Apache Kafka Architecture & Fundamentals Q&A

"To copy others is necessary, but to copy oneself is pathetic" --Pablo Picasso.

Apache Kafka Architecture & Fundamentals Q&A

These are the answers and questions from a tech talk led by Confluent about Apache Kafka Architecture and Fundamentals. Slides Apache Kafka Architecture and Fundamentals

How reliable is the data ingest to Kafka from the producer(s)?
Data can be acknowledged in the broker and also in copies (replicas) on other brokers. You have your choice of no ack, ack from the receiving broker, or ack once that one and all of the broker copies have successfully received the message.

Does Kafka require Hadoop cluster infrastructure like MapReduce, HDFS, etc.?
No, a Kafka cluster of brokers requires only Kafka, and for now, Zookeeper

Can we store in local storage or also on data lake storage?
Kafka can store on both - in memory initially and persisted on disk at an adjustable time after.

Is the retention time the same for all brokers in a cluster? Or Can we set a different retention time for each broker?
Retention time can be set per topic, not per broker.

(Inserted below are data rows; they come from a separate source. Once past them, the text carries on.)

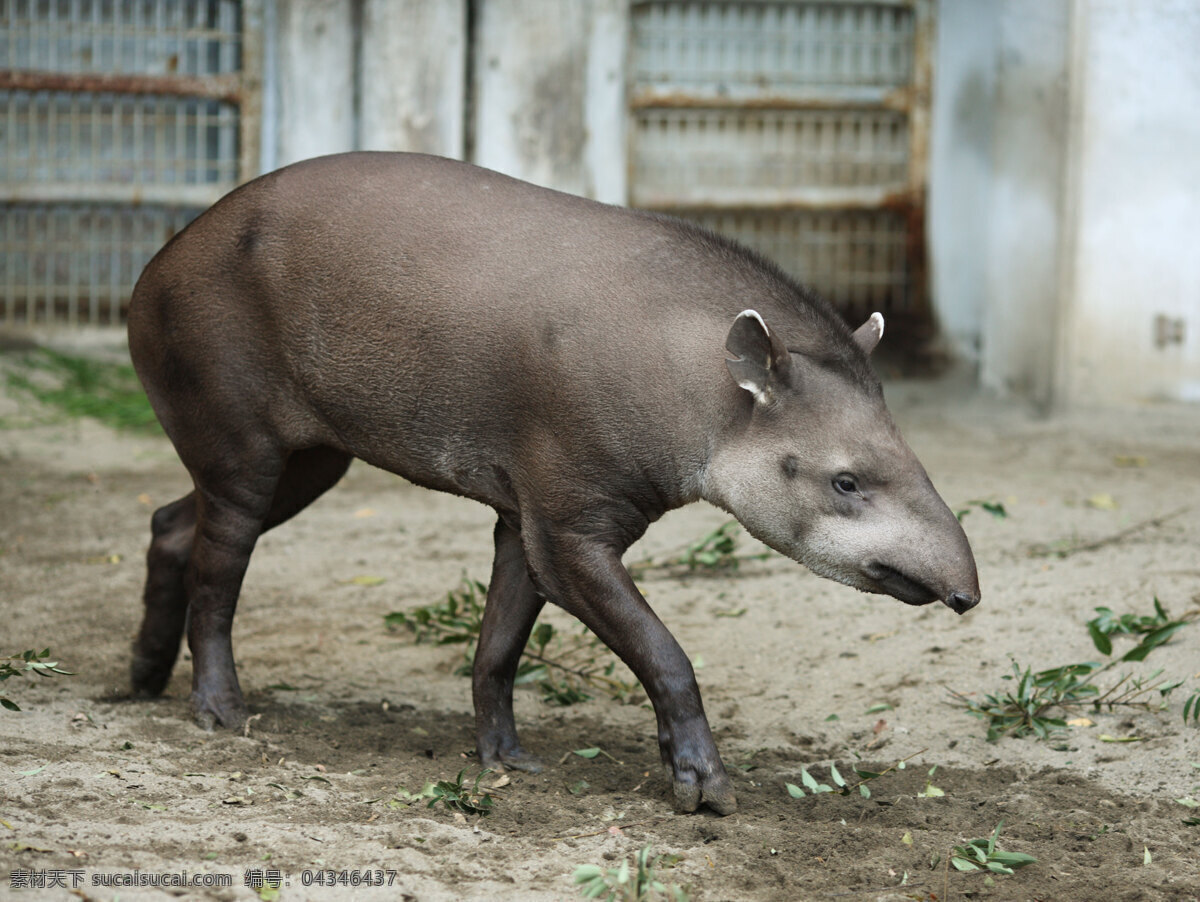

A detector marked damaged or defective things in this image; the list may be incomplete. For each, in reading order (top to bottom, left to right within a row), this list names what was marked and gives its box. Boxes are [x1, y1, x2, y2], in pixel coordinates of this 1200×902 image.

rusty metal cage [0, 0, 258, 324]
rusty metal cage [628, 0, 936, 324]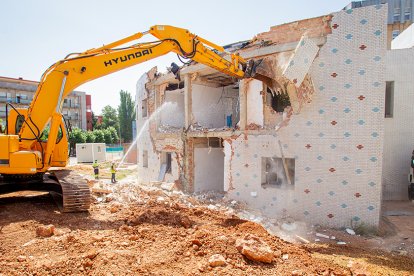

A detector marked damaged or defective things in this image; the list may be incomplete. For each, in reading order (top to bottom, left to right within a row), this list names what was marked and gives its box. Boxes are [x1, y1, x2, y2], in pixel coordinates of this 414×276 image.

broken concrete wall [225, 4, 386, 229]
broken concrete wall [384, 47, 414, 198]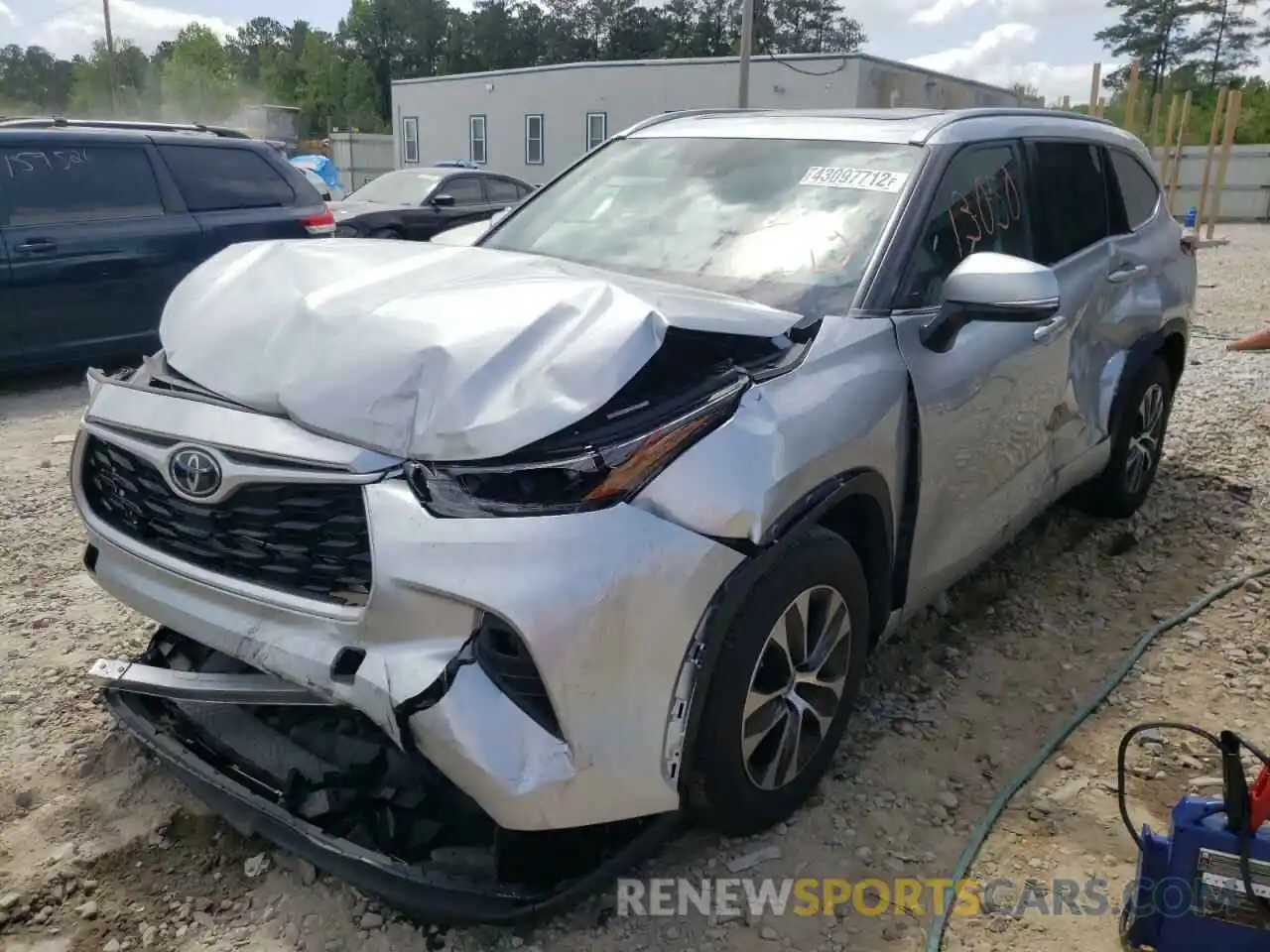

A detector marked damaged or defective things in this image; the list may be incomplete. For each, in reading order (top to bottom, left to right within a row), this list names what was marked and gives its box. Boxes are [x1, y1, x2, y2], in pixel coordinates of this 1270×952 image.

cracked windshield [480, 136, 917, 313]
crumpled hood [157, 238, 794, 460]
deployed airbag [157, 238, 794, 460]
damaged front bumper [98, 627, 683, 924]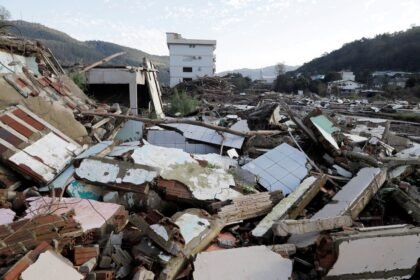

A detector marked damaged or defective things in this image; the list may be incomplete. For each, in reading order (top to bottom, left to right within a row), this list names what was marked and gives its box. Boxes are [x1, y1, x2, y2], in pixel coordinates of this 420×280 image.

damaged roof panel [243, 143, 308, 194]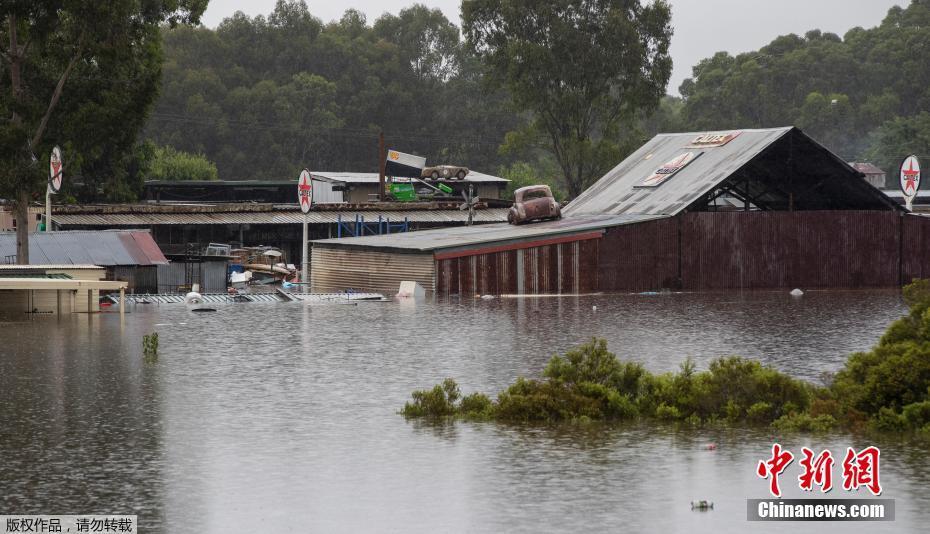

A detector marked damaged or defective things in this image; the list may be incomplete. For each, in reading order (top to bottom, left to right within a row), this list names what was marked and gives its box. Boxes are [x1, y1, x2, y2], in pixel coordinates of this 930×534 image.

rusty metal roof [560, 127, 896, 218]
rusty metal roof [0, 230, 165, 266]
rusty corrugated roof panel [0, 230, 167, 266]
rusty metal roof [53, 209, 508, 226]
rusty corrugated roof panel [54, 209, 508, 226]
rusty metal roof [312, 214, 660, 253]
rusty old car [508, 185, 560, 225]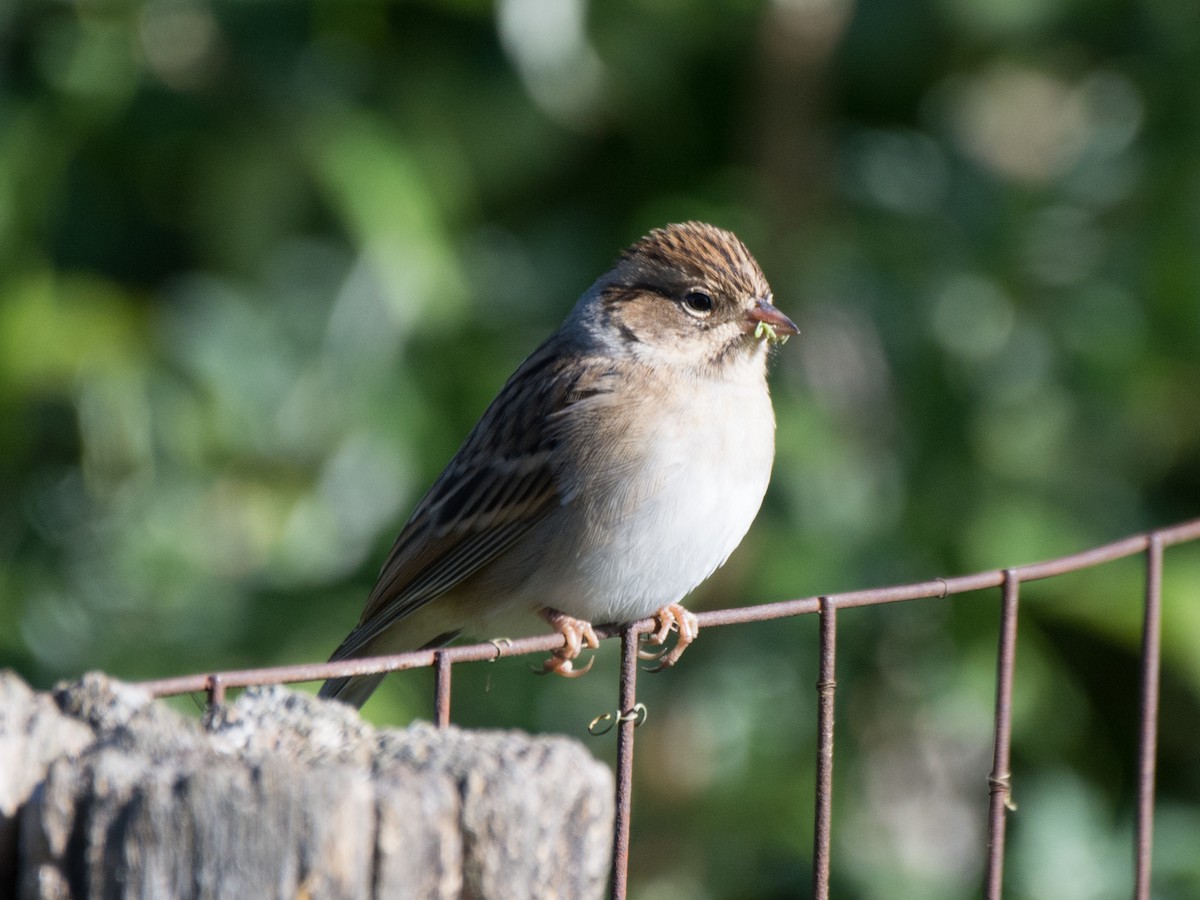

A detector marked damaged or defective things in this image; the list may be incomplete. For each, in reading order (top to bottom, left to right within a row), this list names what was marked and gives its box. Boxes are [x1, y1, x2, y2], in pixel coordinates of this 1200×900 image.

rusty metal wire [136, 516, 1200, 896]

Is there any way to keep the data rather than a generic retention time configuration setting? For example, if there is a slower moving set of topics compared to higher velocity data
Yes - retention times are uniquely configurable based on the particular Kafka architectural design.

If data expires within Broker’s local storage then does it mean it get lost? Suppose it has not been read/consumed by “all” the consumers of that data
Kafka doesn’t really support the concept of a specific piece of data having been consumed. It may be consumed by multiple consumers - or if your retention period is short and no consumers are consuming from the topic it is in, yes a particular record could be deleted without ever being consumed.

Kafka brokers needs a separated master?

I’m not sure what you mean by this question. Brokers work cooperatively in a cluster. At this time, they use Zookeeper for some coordination, although that requirement will be removed in the future.

Are there local disks SSD or hard drives?
Local disks for the broker can be of any type.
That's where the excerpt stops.